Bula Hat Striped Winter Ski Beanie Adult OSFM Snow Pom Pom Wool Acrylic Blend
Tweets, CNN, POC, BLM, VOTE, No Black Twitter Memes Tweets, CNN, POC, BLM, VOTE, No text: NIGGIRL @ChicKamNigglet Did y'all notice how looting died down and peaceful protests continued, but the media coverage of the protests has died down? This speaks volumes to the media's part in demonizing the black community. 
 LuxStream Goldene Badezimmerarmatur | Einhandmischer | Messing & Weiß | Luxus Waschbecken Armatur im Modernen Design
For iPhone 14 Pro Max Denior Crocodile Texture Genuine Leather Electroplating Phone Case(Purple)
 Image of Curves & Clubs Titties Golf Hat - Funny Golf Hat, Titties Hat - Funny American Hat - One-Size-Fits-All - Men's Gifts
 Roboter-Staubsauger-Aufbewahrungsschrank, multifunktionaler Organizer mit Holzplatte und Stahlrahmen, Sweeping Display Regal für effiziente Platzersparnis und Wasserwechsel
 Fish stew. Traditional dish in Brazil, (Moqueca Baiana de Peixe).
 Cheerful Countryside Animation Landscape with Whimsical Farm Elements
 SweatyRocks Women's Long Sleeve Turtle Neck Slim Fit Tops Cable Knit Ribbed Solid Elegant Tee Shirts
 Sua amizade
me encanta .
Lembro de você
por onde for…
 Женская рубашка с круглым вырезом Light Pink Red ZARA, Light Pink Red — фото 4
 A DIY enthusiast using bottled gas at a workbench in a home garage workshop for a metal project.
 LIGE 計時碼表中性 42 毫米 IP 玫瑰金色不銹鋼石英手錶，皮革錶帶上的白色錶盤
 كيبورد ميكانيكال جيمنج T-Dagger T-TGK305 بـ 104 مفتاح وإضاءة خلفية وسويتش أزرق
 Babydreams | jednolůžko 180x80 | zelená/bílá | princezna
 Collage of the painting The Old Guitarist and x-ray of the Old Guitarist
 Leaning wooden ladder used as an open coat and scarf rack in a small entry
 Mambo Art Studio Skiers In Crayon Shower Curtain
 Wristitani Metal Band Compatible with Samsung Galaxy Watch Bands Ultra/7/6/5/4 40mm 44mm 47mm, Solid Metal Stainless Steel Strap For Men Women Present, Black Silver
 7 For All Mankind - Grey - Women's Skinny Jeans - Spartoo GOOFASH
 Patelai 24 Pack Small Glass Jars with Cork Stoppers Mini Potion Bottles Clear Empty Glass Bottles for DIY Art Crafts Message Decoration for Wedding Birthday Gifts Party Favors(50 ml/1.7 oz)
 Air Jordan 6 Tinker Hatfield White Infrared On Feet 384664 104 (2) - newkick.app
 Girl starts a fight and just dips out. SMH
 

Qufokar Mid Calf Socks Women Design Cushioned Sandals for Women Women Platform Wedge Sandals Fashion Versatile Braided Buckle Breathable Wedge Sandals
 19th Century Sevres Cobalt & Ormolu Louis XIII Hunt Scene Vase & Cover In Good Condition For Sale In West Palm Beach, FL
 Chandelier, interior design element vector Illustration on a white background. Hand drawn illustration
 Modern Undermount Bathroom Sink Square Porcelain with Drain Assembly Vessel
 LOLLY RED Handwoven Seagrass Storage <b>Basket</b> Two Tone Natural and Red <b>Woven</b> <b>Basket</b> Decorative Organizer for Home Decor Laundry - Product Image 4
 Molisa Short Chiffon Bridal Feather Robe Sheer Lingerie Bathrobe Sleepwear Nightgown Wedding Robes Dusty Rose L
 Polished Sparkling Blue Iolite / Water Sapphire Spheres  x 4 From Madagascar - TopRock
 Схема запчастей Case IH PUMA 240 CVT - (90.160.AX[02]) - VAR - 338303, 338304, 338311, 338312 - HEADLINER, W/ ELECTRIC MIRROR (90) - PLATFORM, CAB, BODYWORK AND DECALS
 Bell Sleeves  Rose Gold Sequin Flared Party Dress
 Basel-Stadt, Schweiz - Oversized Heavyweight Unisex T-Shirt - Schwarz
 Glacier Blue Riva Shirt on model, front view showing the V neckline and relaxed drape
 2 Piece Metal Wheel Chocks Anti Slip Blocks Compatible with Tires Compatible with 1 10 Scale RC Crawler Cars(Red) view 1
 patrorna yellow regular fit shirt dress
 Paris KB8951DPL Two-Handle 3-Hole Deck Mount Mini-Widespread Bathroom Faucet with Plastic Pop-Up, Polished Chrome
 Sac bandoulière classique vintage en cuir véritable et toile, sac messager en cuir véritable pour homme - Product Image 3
━━━━━━━━━━━━━━━━
→ TASK: When you reach the line holding "For iPhone 14" in the records above, begin reproducing exactly, stop after the line holding "Image of Curves", and output nothing else.

→ ANSWER SECTION:
For iPhone 14 Pro Max Denior Crocodile Texture Genuine Leather Electroplating Phone Case(Purple)
 Image of Curves & Clubs Titties Golf Hat - Funny Golf Hat, Titties Hat - Funny American Hat - One-Size-Fits-All - Men's Gifts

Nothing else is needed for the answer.